In general, when a business needs financing for an expansion, project or other other reason, there are two methods available. It can sell bonds, which is equivalent to taking out loans; or it can sell equity, which are its shares. From an investor's perspective, equity is more volatile because you buy it at one point and sell it at another, so your return will depend partly on market forces and how they affect the price of the stock. Stocks also provide higher returns. Bonds offer less returns but are more reliable, because they entitle you to regular payments for as long as you hold the bond until it matures.


Mezzanine loans are debt, just like bonds. They are junior to most bonds, which means that in the event of a bankruptcy, the bondholders get paid back first, then mezzanine investors, then owners of stock. Unlike bonds, mezzanine debt can be traded like a stock. This makes it more liquid as well as more risky.

Common Users of Mezzanine Financing

Most industries do not use mezzanine financing because they can get everything they need from traditional stocks and bonds. The areas where it is most common are where the companies are unable to borrow as much as they need and do not want to sell much equity. A typical example is real estate. Funding property development requires up-front investment, but banks are often unwilling to fund the whole amount for a development project. That pushes developers into the mezzanine market.

In general, when companies issue mezzanine debt, they have a set plan for how much of their financing they need from mezzanine and from stocks and bonds. It is not a haphazard process, but rather a careful compromise between stocks and bonds. Many companies would prefer to use bonds instead of any mezzanine loans. This is because they usually need to set a higher interest rate on the mezzanine loans to attract investor interest.


Mezzanine Debt in Your Portfolio

Mezzanine debt rates are higher than most loans in the bond market. This is because the company issuing the debt needs to give investors a reason to lend money to them, and this higher rate is an effective incentive. This is more costly to the company, of course. It is a sign that the company is unable to secure financing from banks, who might ask for lower rates. For example, if banks are uncomfortable with how much debt the company already has, they might not want to lend them money at the market rate for bonds. As an alternative, the company sells mezzanine debt at a higher rate.

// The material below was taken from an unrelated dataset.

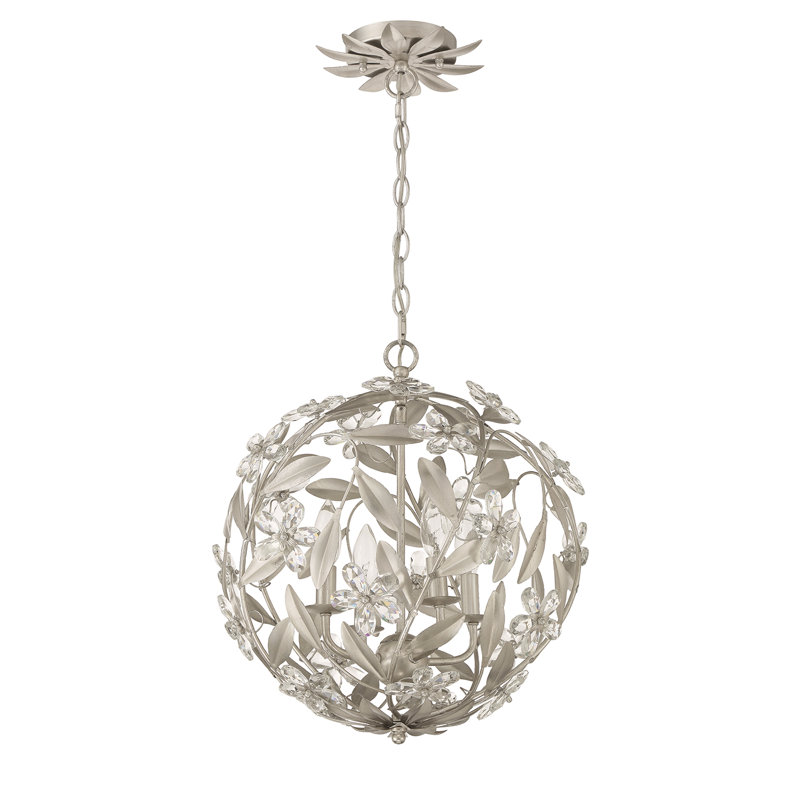 Luminaire suspendu antique 6 lumières Meyah, Argent argent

This means mezzanine investments are different from either stocks or bonds. They involve a better rate of return because of the higher interest rate, but they also carry more risk than bonds. This is because bonds are more senior to them in the bankruptcy proceedings hierarchy, so if the company goes bankrupt, bondholders are the first in line to get their money back. Mezzanine debt holders come second.


Basic Strategies for Investing in Mezzanine Debt

Of course, there are some strategies the beginner should know in order to fully utilize this investment. First of all, they need to thoroughly study the company in order to make sure it has an established product and reputation in their given industry. They must also study the company to make sure it has a good history of profitability. Finally, most investors in mezzanine financing will want the company to provide them with a detailed synopsis that explains their plans for expansion. If the company cannot provide an organized template in this regard, then it might be a red flag that would frighten a seasoned mezzanine investor off.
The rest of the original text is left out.